Именно в таком состоянии националистской и большевистской экзальтации он решился наконец вернуться на родину. Он страшился того, что откроется его глазам, и одновременно до головокружения чувствовал потребность снова увидеть русские просторы, услышать русские голоса, вдохнуть русский дух. К дороге он готовился лихорадочно, как изголодавшийся, как измученный жаждой, и больше никто в доме не осмеливался ему перечить.
25 марта 1928 года, по случаю его шестидесятилетия, «Нью-Йорк таймс» опубликовала поздравления за пятью десятками подписей. Со всего мира приходили восторженные телеграммы в советские газеты, которые победоносно печатали их в своих колонках. Самые крупные имена западной литературы – Ромен Роллан, Стефан Цвейг, Генрих Манн, Голсуорси, Дюамель, Герберт Уэллс, Сельма Лагерлеф – преклонялись перед русским революционером из Сорренто.
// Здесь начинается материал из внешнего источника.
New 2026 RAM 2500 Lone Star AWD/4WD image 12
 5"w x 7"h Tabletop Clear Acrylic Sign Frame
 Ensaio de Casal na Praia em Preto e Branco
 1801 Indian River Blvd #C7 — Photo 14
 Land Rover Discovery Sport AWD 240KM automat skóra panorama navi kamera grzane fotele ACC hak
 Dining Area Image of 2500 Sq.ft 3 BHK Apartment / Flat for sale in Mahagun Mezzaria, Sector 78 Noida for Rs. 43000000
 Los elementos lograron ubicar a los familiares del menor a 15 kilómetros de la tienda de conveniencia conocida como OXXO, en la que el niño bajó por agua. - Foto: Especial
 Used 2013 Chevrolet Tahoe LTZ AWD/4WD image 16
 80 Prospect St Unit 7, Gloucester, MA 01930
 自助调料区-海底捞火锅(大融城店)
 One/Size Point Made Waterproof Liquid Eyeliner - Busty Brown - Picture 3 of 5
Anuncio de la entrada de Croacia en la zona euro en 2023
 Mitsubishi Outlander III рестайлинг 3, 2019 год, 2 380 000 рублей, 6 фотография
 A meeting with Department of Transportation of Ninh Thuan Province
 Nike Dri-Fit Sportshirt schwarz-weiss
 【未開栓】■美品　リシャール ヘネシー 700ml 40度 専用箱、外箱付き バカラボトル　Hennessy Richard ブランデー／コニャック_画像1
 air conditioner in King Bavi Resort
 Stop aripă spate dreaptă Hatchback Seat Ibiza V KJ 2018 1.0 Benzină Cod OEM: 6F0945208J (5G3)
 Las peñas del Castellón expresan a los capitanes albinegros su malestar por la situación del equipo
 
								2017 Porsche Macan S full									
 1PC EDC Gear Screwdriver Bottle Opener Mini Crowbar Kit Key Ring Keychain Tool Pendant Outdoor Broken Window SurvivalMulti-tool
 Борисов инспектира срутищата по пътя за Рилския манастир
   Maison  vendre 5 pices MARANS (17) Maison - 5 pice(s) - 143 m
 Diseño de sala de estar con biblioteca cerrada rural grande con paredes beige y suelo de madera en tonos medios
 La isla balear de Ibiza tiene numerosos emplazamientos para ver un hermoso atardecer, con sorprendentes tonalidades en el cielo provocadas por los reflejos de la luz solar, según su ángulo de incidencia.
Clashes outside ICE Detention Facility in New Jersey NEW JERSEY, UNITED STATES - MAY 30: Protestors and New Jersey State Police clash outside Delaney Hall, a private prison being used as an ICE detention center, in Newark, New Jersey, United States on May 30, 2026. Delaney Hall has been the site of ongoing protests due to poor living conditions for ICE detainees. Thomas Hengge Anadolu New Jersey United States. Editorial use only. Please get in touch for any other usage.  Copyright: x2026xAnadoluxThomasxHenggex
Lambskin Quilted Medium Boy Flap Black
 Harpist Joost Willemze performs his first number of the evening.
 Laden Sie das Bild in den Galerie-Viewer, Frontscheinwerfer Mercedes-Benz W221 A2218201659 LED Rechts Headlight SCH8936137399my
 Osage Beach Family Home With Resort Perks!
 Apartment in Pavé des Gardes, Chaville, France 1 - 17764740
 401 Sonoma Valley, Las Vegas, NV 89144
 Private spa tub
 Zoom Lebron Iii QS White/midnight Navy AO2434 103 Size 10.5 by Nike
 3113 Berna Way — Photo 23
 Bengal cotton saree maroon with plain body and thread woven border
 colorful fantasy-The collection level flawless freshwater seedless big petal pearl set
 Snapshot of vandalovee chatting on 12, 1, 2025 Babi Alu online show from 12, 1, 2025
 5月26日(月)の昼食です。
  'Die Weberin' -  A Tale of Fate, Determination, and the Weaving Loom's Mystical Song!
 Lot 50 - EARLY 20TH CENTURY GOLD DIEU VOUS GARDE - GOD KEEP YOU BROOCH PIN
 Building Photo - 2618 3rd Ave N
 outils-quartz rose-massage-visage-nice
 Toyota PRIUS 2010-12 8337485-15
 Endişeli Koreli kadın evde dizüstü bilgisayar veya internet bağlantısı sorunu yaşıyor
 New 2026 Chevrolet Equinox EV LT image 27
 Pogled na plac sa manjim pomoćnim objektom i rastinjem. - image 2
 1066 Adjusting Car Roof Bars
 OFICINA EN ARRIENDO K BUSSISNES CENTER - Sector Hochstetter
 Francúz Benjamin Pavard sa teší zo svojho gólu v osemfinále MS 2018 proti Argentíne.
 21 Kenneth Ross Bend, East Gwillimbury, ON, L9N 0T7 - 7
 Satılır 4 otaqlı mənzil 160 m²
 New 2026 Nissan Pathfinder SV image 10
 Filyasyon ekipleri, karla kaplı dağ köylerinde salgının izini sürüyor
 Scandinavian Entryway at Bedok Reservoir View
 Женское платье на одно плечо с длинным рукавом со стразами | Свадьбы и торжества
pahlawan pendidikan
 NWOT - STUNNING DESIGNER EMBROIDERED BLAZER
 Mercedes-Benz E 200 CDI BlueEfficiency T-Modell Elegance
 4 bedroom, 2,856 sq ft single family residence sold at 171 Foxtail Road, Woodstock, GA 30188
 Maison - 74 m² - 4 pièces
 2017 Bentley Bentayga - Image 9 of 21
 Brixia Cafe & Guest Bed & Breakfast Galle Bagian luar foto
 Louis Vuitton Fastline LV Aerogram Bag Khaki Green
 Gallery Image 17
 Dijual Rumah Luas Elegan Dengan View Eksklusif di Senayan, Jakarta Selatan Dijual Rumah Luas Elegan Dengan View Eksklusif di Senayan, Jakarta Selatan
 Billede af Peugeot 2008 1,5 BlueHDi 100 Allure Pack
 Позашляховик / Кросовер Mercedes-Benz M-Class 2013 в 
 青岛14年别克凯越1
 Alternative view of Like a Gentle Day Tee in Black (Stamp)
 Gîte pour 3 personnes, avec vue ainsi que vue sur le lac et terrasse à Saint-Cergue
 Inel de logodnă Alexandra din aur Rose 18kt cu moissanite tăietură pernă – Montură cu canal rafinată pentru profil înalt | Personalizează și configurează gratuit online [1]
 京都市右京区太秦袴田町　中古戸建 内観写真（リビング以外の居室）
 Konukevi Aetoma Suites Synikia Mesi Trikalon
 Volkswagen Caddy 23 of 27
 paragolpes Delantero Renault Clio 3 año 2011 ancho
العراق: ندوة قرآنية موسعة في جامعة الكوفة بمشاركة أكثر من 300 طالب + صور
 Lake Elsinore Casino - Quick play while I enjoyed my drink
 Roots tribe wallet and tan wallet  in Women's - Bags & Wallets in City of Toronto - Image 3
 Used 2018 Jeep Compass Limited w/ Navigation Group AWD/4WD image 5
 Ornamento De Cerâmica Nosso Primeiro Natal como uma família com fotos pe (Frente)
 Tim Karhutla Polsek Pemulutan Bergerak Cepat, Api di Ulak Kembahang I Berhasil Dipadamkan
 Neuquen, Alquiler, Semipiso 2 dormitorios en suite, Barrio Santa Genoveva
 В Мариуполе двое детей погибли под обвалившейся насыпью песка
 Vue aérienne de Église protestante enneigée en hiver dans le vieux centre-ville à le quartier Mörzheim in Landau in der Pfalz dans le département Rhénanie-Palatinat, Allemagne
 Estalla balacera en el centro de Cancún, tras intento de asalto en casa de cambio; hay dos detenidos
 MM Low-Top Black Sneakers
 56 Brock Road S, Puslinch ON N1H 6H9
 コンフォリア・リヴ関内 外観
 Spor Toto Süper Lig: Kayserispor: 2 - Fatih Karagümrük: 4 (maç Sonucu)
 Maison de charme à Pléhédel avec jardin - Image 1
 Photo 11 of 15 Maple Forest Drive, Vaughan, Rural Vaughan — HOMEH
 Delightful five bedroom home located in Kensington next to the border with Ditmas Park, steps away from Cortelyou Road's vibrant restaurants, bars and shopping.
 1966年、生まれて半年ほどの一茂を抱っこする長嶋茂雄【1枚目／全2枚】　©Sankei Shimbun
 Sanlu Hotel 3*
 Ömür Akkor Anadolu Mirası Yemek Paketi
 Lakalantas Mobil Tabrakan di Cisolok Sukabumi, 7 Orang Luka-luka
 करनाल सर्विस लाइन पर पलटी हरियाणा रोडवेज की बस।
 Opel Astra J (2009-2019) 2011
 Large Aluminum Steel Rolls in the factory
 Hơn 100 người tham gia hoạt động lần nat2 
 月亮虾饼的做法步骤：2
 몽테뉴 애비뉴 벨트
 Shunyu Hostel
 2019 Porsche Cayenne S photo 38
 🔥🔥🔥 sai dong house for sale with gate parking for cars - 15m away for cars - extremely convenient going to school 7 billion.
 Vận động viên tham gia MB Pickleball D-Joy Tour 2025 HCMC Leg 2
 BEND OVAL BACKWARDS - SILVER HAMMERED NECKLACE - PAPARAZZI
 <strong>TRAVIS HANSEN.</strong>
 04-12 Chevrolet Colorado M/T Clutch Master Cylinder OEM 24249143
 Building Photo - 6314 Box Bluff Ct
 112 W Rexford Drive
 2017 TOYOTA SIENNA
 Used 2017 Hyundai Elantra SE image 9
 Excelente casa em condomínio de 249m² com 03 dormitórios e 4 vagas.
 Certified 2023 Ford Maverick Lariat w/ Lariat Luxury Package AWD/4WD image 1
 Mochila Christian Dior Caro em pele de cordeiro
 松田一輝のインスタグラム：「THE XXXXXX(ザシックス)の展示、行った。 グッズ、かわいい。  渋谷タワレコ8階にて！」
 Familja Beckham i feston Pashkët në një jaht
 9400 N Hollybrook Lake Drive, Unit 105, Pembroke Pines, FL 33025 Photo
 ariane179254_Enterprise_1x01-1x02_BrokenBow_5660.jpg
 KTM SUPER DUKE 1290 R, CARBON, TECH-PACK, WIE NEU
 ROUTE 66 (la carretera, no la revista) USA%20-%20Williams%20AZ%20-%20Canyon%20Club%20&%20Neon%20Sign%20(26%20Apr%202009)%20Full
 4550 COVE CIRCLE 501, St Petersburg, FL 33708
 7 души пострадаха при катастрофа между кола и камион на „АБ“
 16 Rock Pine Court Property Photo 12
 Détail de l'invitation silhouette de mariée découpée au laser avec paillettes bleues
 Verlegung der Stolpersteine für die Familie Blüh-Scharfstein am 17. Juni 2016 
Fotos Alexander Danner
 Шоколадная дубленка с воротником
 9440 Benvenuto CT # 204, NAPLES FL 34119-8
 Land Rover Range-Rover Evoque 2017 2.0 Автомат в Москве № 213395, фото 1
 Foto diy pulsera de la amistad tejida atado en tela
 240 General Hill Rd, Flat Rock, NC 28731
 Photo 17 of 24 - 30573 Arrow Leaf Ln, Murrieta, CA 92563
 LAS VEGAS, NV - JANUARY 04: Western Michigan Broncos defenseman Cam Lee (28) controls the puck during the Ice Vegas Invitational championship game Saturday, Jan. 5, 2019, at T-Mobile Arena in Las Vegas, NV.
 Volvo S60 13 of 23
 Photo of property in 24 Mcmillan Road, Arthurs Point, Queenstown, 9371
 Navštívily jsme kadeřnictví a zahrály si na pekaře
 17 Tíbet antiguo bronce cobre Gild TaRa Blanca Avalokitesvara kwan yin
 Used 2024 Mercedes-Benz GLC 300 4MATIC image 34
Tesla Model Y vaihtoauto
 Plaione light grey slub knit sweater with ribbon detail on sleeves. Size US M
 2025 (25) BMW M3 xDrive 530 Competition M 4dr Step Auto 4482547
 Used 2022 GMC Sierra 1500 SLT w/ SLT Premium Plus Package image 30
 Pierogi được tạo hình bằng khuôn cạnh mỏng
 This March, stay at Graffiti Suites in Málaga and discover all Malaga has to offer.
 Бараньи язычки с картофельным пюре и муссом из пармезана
Весной 1928 года, завершив второй том «Клима Самгина», он отбросил в сторону редактуру продолжения и завершил последние приготовления к отъезду. 20 мая он покинул Сорренто вместе с сыном Максом и направился в Москву. Это второе изгнание, совсем как первое, длилось почти семь лет.
Глава 17
Официальный рупор власти
Россия, которую предстояло увидеть Горькому, была не совсем той, которую он покинул несколькими годами раньше. Власть за это время укрепила свои позиции, устранив главных оппонентов. Генеральный секретарь партии Сталин заменил во главе государства Ленина. Но новые руководители СССР были в целом расположены к возвращающемуся писателю очень хорошо. В нем они видели человека, способного объединить рабочих и крестьян в едином порыве, полезном стране. Он был чем-то вроде символа приобщения униженных и оскорбленных к свету. Послужив режиму за рубежом, неисправимый странник должен был послужить ему и дома. Со своей стороны, Горький горел желанием убедиться в успехе социалистического эксперимента. Поставив на эту карту всю свою жизнь, он не мог допустить даже и мысли, что обманется. Столь часто критиковавший извращение чистой революционной идеи товарищами, которым было доверено воплотить ее в жизнь, теперь, возвращаясь на родину, он был полон решимости все одобрять, всем восхищаться, из любви к русской земле, к техническому прогрессу и к рабочим массам. Так он, который некогда с пеной у рта обличал в своих книгах народ в пороках, теперь решил прославлять его добродетели. Это было нужно, думал он, чтобы придать стране уверенности в себе. Национальный долг требовал несколько приукрашивать реальность.